この研究でBeydoun氏らは、身体検査と聞き取り調査、抗酸化物質の血中濃度を測定する血液検査を受けた45~90歳の男女7,283人のデータを分析した。対象者は抗酸化物質の測定値が高い群、中程度の群、低い群の3群に分類された。追跡期間は平均16~17年間(最長26年間)で、血中濃度を測定した抗酸化物質は、ビタミンA、C、およびEと、カルテノイド類だった。
その結果、カルテノイド類のうちのルテインとゼアキサンチンの血中濃度が高い群では、これらの血中濃度が低い群と比べて認知症の発症リスクが低いことが示された。これらの抗酸化物質が1標準偏差(SD;平均値からのばらつきを表す指標)増えるごとに、認知症の発症リスクは7%低下していた。ルテインやゼアキサンチンは、ケールやホウレンソウなどの緑色の葉野菜やブロッコリー、エンドウ豆などに含まれている。
また、同じくカルテノイド類のβクリプトキサンチンについても、1SD増えるごとに認知症の発症リスクが14%低下することが示された。βクリプトキサンチンは、オレンジやパパイヤ、カキなどのオレンジ色の果物に含まれている。
しかし、抗酸化物質が認知症の発症リスクに与える影響は、教育や収入、身体活動といった因子を考慮して解析すると減弱した。このことからBeydoun氏らは、「これらの因子が、抗酸化物質と認知症発症の関連に関与している可能性がある」との見方を示している。

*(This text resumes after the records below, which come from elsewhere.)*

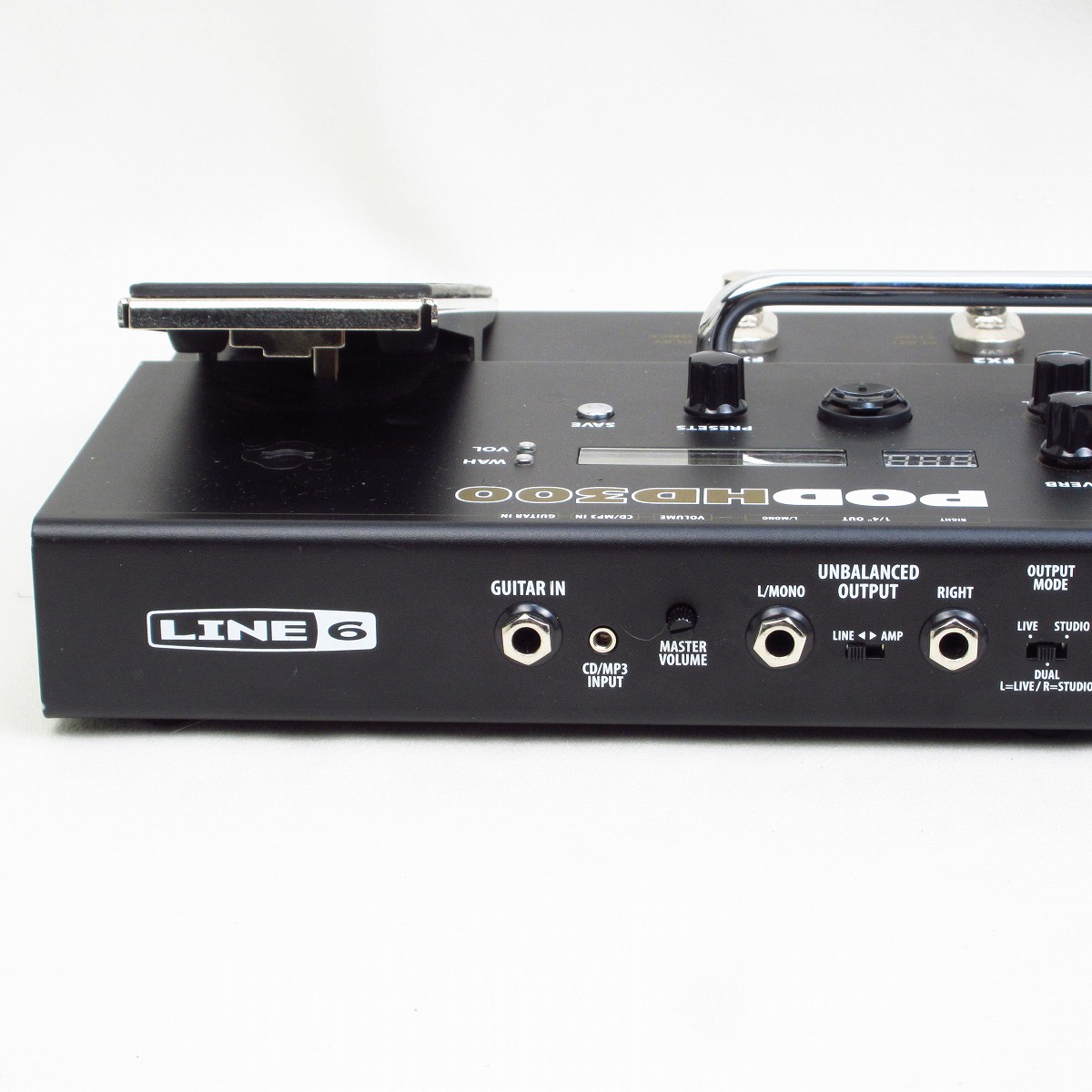 【中古】Line6 POD HD300 Line 6 POD HD300 Amp Modeling Multi-Effects Pedalboard | zZounds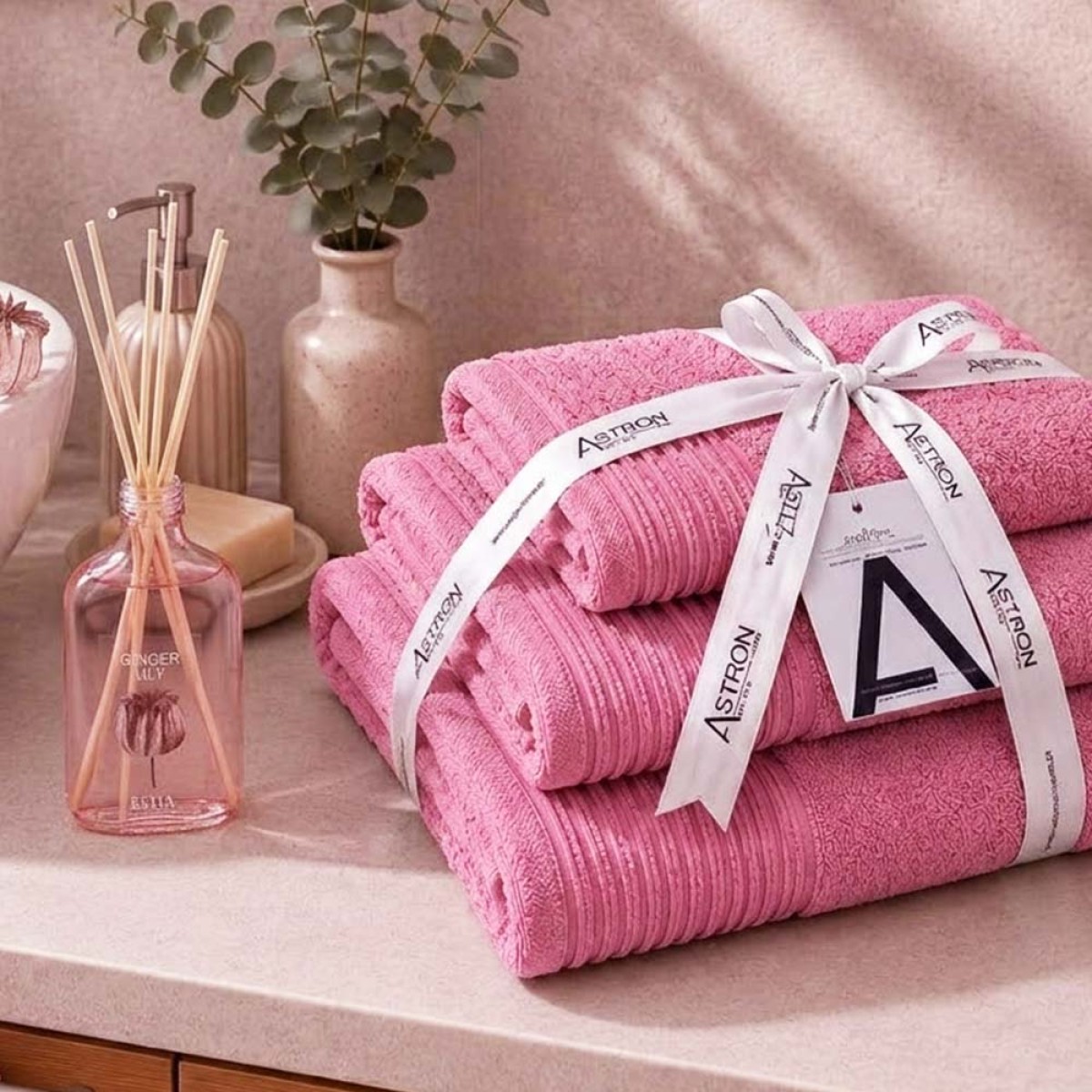 Soft Romance Spa Σετ : 3 Πετσέτες 600gsm 100% Βαμβάκι Πεννιέ Pink & Estia Ginger Lily Αρωματικό Χώρου 200ml με Sticks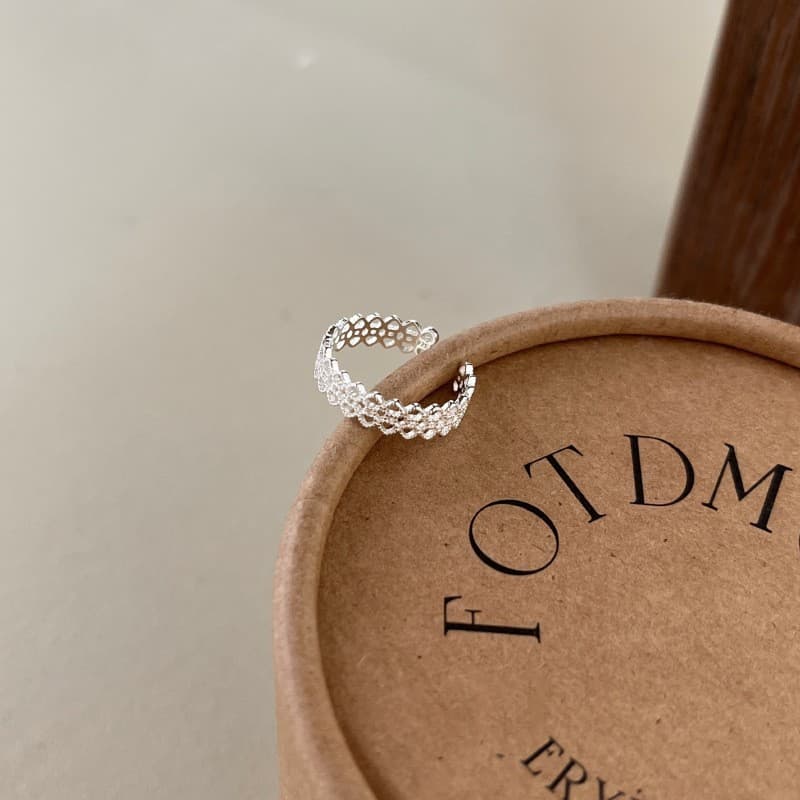Daisy Link Double Row Silver Ring — Ring minimals from Mowey Studio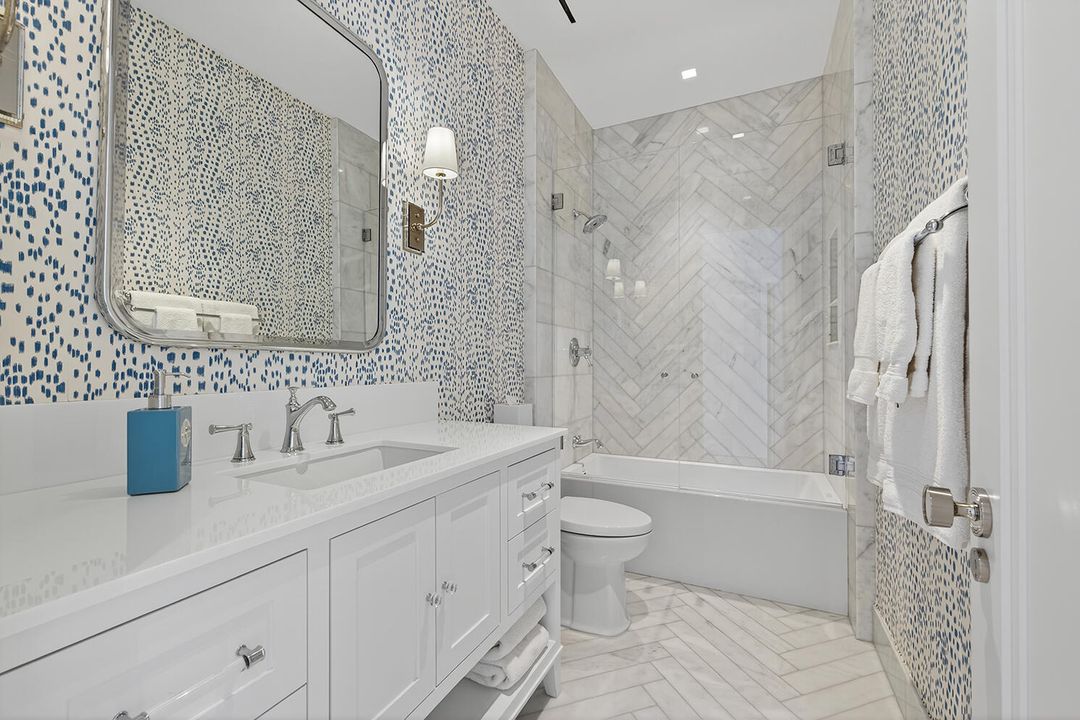 For Sale: $15,200,000 (6 beds, 6 baths, 7046 Square Feet)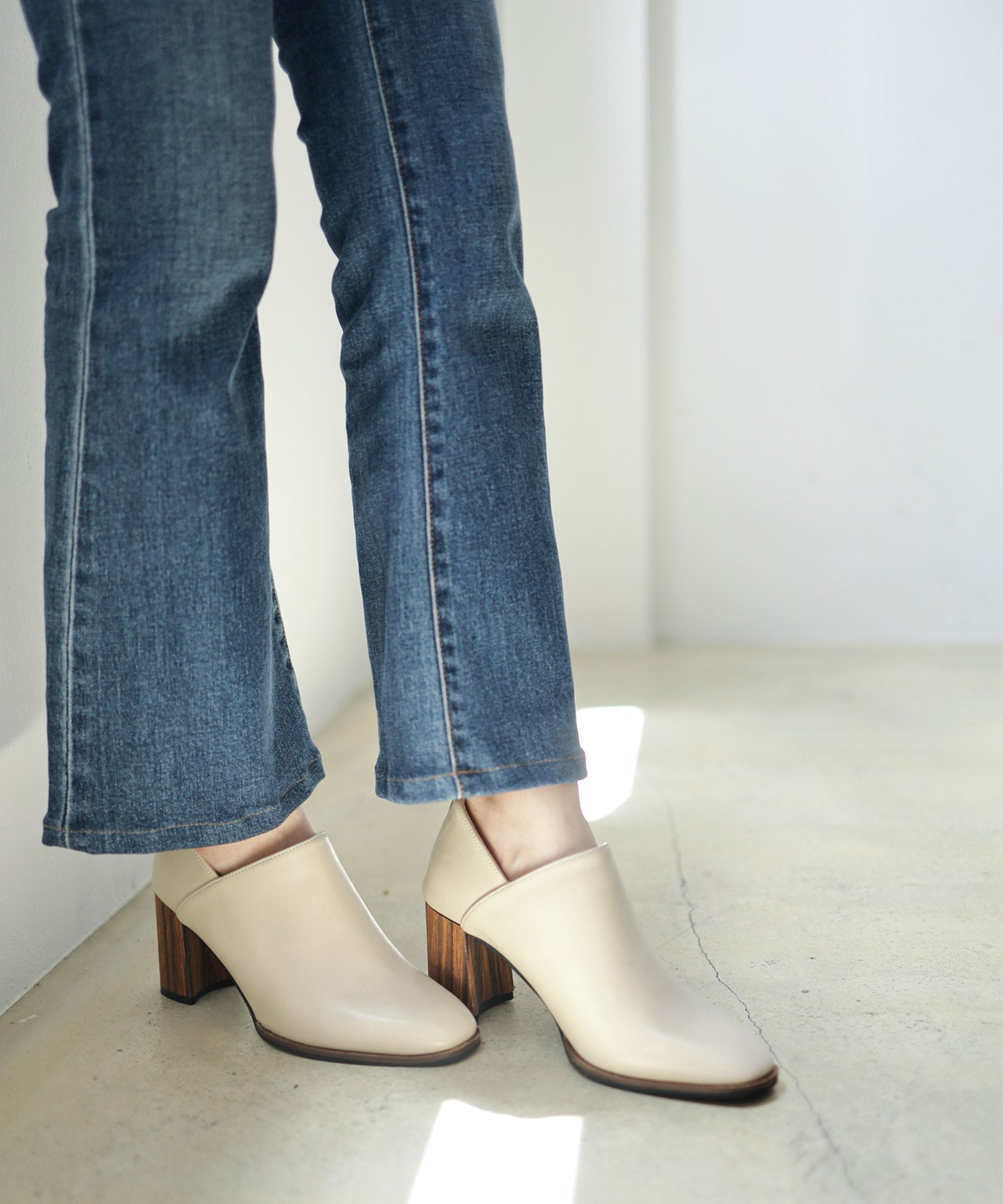 SESTO Wood Heel Booties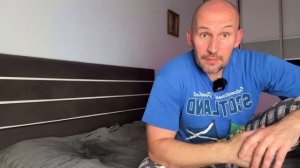 ПОЖИЛЫЕ женщины ОБЯЗАНЫ ДЕЛАТЬ это ПЕРЕД СНОМ! Гимнастика в кровати[1]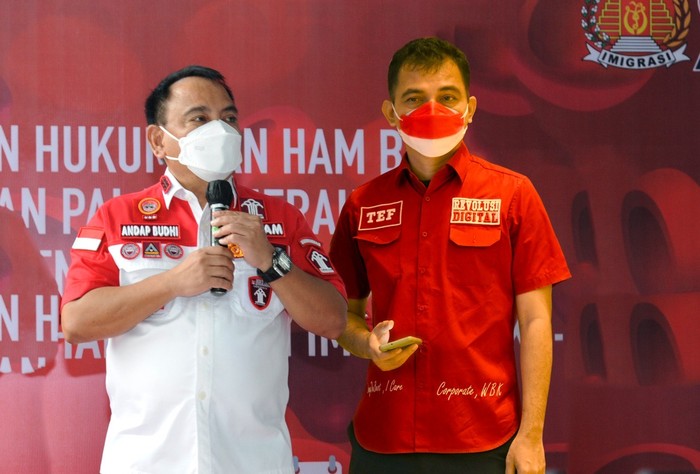 Sekjen Kementerian Hukum dan HAM (Kemenkumham) Andap Budhi Revianto mengingatkan jajarannya untuk tidak abai terhadap tugas dan kewajiban agar pelayanan publik tidak terbengkalai.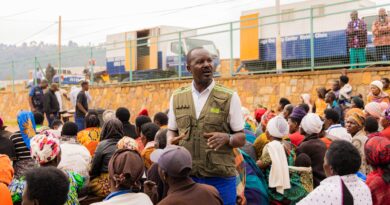 Gicumbi: Basobanuriwe imikorere y’ubucukuzi bw’amabuye y’agaciro na za kariyeri batahana ingamba nshya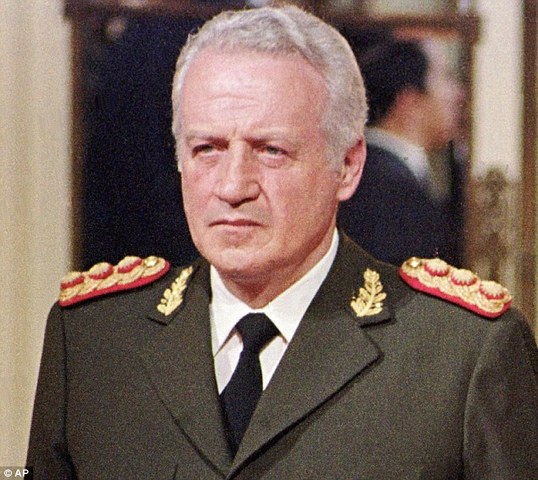 General Galtieri removed/ Argentina surrenders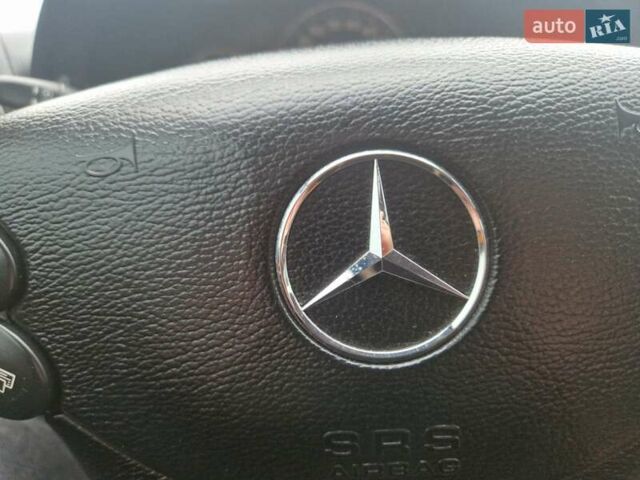 Сірий Мерседес Е-Клас, об'ємом двигуна 1.8 л та пробігом 257 тис. км за 7800 $, фото 32 на Automoto.ua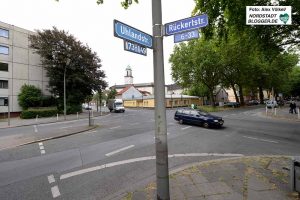 Nicht nur die Kreuzung Uhlandstraße - Rückertstraße, sondern vier weitere solchen barrierefrei werden.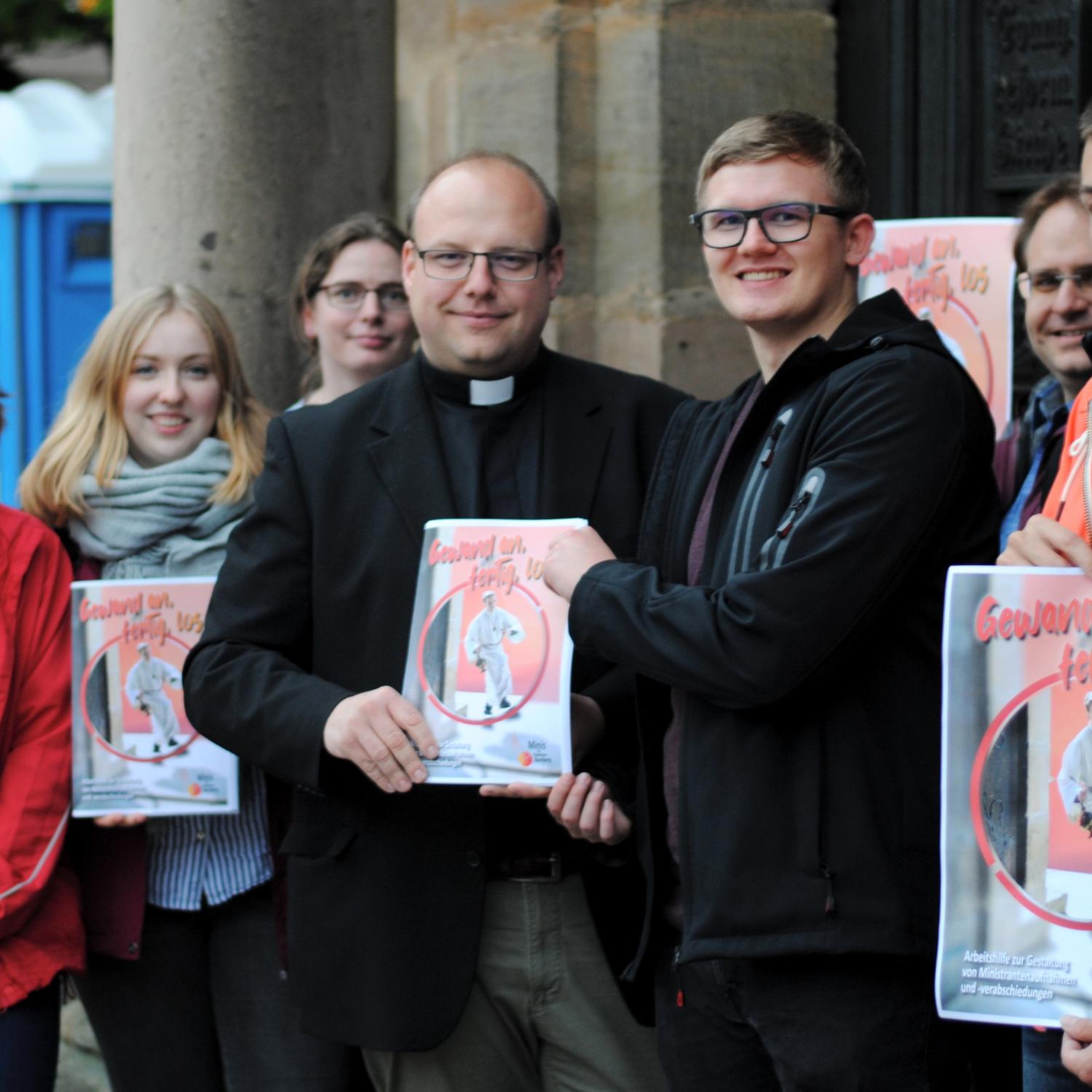 Das Team der Arbeitshilfe zusammen mit Diözesanjugendpfarrer Norbert Förster.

この研究に資金を提供したNIAのサイエンティフィック・ディレクターのLuigi Ferrucci氏は、「濃い緑色の葉野菜とオレンジ色の色素を含む果物を豊富に摂取する健康的な食事は、抗酸化サプリメント(以下、サプリ)の使用の有無にかかわらず認知症の発症リスクを低下させる可能性がある。それが今回の研究から分かった重要なポイントだ」と説明する。そして、「抗酸化物質と脳の健康の関連を証明するには、長期のランダム化比較試験を実施して、慎重に管理された量の抗酸化サプリの摂取により、その後の認知症の発症者数が抑制されるのかどうかを確認するよりほか方法はない」と付け加えている。
研究グループは、今回の研究は1回の血液検査のデータのみに基づくものであり、生涯にわたる抗酸化物質の濃度が反映されたものではないことにも留意する必要があるとしている。Ferrucci氏は、現状では、脳の健康のために1日にどの程度の抗酸化物質を食事やサプリから摂取すべきかについては明確になっていないことを指摘。「潜在的なリスク因子に加え、どのような食事や生活習慣が保護的要因となるかについて調べるには、健康な人を対象に、認知症発症について長期的に追跡する必要がある」と述べている。